Filippo Penati, segretario provinciale dei Ds, ha un’opinione più articolata: «Il Palavobis ha dimostrato che c’è una grande voglia di mobilitarsi sui temi importanti, ma bisogna uscire dalla commemorazione del passato. Limitare il dibattito alla questione Previti, alla fine, rischia di non portare al centrosinistra più voti di quelli che ha già e, anzi, di dividere: l’indipendenza della magistratura va difesa a ogni costo, ma la giustizia ha bisogno anche di riforme».

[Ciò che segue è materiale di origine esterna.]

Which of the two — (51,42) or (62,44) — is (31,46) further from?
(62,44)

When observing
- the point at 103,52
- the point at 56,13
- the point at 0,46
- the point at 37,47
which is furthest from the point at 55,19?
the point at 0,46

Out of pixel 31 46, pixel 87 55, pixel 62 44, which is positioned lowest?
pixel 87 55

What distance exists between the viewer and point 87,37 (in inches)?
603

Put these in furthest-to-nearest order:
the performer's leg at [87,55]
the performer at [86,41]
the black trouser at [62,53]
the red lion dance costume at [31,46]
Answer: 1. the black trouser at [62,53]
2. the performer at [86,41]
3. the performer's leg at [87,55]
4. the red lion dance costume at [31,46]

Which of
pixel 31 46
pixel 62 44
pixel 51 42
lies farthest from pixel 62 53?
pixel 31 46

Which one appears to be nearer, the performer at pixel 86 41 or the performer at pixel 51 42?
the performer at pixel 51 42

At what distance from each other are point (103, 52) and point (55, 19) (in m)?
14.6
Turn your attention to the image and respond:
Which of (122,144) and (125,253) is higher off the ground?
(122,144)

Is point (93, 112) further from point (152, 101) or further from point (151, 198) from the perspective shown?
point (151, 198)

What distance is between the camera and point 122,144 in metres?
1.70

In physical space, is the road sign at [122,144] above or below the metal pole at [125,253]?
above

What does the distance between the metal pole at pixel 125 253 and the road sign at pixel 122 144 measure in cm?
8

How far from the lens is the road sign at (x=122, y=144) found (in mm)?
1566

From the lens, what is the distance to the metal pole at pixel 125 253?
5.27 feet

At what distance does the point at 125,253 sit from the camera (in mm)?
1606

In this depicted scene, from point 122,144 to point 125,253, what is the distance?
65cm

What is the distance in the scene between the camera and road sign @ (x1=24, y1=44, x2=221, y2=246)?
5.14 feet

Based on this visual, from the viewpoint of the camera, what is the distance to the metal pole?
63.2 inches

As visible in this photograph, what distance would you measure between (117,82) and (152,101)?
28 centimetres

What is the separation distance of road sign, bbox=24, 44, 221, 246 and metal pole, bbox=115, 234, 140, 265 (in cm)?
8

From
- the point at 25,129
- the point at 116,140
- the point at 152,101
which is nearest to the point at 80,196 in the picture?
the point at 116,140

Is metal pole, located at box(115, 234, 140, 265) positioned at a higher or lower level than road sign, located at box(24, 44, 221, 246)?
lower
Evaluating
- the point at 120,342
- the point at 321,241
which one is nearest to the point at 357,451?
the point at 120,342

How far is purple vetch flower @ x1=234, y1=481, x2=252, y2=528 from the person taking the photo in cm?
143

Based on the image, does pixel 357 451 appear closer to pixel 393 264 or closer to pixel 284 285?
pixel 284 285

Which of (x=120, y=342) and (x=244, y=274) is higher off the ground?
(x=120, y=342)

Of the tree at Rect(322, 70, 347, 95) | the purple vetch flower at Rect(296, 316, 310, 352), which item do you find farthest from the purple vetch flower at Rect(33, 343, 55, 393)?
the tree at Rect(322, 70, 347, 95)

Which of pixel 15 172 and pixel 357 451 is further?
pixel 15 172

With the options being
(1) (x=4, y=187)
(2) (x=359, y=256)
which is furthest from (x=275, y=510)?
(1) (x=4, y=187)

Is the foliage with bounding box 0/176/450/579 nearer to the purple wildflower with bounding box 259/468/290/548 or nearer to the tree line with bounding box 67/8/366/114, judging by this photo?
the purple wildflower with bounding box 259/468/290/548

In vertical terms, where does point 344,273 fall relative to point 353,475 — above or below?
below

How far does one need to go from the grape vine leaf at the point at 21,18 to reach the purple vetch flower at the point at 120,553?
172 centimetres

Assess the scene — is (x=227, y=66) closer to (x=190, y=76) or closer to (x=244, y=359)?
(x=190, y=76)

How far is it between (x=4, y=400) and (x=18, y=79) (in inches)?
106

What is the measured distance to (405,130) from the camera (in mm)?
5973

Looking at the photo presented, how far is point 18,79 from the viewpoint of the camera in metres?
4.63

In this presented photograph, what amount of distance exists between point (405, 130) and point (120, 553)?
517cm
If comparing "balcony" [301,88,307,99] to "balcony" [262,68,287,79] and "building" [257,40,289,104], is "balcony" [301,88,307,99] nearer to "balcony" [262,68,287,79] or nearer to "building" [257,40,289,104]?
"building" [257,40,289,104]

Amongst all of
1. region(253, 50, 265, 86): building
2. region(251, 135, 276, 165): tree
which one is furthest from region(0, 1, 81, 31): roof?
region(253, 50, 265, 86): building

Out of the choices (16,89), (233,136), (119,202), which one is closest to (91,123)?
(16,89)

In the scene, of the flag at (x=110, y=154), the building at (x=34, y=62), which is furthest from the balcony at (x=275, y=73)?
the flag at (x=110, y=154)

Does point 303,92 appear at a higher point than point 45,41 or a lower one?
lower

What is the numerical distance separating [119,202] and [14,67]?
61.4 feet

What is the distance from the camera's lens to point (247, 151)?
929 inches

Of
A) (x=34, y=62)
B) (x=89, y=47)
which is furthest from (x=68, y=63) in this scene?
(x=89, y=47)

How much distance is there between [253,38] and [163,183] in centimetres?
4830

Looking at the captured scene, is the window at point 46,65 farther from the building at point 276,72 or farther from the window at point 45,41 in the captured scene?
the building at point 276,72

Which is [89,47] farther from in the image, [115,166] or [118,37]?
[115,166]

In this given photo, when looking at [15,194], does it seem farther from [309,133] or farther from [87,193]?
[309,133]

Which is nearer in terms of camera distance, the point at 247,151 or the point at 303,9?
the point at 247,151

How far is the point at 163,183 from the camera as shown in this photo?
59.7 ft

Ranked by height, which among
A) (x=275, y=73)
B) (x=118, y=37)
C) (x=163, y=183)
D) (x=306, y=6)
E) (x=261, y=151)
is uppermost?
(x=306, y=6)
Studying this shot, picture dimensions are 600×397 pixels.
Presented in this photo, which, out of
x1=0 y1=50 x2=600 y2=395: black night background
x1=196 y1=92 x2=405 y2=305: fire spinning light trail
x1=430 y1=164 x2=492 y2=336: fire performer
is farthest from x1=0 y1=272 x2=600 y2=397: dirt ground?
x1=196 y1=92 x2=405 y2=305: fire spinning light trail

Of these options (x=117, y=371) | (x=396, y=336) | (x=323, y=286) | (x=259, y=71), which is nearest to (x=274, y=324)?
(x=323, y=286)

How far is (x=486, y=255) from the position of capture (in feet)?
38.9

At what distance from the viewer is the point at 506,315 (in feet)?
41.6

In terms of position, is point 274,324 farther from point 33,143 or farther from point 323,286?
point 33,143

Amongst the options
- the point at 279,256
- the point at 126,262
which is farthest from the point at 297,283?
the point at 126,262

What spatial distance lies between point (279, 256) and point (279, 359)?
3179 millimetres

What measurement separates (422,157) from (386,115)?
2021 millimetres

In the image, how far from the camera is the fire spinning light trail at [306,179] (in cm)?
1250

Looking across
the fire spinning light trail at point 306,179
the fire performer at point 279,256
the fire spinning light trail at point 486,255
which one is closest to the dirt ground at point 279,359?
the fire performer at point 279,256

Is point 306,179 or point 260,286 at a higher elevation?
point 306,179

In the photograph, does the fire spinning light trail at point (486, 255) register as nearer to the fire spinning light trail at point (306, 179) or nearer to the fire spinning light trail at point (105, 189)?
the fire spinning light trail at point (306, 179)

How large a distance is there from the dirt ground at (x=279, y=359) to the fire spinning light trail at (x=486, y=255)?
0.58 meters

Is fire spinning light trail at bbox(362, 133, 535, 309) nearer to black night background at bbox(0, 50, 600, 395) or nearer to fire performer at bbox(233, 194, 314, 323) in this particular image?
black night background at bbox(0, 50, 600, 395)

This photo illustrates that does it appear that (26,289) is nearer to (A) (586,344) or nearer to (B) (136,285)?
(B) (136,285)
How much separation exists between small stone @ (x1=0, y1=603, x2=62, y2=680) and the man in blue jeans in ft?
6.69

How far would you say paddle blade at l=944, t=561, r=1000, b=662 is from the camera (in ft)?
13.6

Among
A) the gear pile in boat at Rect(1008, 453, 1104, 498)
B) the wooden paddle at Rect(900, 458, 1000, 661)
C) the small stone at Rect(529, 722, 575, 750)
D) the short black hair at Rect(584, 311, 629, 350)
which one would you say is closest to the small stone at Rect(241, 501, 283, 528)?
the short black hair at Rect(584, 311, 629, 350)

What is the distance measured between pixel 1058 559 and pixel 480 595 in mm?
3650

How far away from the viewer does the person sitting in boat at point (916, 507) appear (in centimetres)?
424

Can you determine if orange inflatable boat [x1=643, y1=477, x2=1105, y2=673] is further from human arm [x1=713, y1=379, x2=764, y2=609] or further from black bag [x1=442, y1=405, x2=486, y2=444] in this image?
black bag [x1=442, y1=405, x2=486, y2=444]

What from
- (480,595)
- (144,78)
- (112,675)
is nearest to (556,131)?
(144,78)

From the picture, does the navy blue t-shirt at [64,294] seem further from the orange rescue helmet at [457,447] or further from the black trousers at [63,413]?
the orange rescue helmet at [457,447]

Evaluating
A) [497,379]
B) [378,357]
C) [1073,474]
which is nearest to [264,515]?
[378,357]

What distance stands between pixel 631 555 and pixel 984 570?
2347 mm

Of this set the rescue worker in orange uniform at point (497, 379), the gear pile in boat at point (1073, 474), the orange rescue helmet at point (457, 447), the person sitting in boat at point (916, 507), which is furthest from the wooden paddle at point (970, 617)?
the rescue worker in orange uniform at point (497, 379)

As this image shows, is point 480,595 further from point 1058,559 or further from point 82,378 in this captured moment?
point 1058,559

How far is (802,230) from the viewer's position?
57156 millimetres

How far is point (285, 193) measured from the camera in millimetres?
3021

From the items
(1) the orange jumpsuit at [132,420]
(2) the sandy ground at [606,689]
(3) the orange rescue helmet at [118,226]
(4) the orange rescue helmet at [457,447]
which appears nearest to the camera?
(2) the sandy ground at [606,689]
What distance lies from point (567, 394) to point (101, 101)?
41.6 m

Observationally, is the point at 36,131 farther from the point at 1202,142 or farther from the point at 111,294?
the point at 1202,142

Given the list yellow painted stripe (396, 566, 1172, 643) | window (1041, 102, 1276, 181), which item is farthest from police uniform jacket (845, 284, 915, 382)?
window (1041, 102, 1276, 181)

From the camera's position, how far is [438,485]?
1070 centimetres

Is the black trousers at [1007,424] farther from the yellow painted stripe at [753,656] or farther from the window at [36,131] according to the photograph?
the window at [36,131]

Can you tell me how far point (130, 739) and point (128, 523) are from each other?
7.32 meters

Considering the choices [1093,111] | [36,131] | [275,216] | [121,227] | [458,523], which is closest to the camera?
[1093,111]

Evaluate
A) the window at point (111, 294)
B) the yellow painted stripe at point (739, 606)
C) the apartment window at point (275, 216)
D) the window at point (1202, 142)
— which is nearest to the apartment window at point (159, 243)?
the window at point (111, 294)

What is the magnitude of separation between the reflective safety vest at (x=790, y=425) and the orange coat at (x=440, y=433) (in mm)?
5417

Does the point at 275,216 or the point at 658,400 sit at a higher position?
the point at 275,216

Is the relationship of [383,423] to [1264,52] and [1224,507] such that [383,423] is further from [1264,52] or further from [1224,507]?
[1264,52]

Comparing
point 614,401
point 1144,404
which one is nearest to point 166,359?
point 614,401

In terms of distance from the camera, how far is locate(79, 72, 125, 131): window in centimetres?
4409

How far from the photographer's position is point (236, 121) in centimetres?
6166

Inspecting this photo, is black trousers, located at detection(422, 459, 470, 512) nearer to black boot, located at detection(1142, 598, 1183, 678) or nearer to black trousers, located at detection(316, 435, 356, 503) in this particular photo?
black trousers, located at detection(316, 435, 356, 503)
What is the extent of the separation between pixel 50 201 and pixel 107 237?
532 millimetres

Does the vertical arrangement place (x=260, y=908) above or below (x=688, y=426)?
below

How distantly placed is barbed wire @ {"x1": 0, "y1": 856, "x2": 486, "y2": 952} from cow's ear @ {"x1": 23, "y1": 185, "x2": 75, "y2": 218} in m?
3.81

Nando Dalla Chiesa, che sin dall’appuntamento di piazza Navona era stato tra i più fiduciosi nel successo dell’iniziativa, sposta il discorso: «Non è stata una celebrazione di Mani pulite. Il punto fondamentale è che quarantamila persone sono venute a dire che vogliono cambiare qualcosa. E questo avrà un effetto sempre più forte». Ne è convinto anche Basilio Rizzo, di «Miracolo a Milano»: «La giornata di sabato dimostra che, quando si torna alla politica "alta", la gente si muove. Non solo legalità, dunque, ma scuola, sanità, lavoro informazione, G8». Enrico Fedrighini, di Rifondazione, ha solo un rammarico: «Peccato che, tra gli esponenti di sinistra-sinistra, io fossi l’unico presente».
Unità sui "valori", d’altronde, è anche l’obiettivo degli ambientalisti di varia estrazione che proprio l’altro giorno - da Milly Moratti a Carlo Monguzzi, da Maurizio Baruffi a Luigi Manconi - hanno presentato anche a Milano il nuovo «Movimento ecologista».
Dall’altra parte, il Polo. «Per fare cose nuove - taglia corto il vicesindaco De Corato (An) - ci vogliono facce nuove. E a me sembra che al Palavobis ci fossero solo uomini che appartengono alla vecchia tradizione della sinistra». Secondo Luigi Casero, coordinatore cittadino di Forza Italia, la manifestazione di sabato era «partita come un'iniziativa apparentemente spontanea ma alla fine è stata monopolizzata dai soliti noti: i ds che hanno perso il congresso per Fassino e D'Alema cercano ora di far loro la guerra con questo movimentismo». Per il coordinatore regionale Paolo Romani «non è stata una manifestazione contro il governo ma contro l'attuale dirigenza dell'Ulivo». Infine il capogruppo della Lega, Matteo Salvini: «È un finto cambiamento, nessuna parentela tra questa cosa e la Lega di dieci anni fa».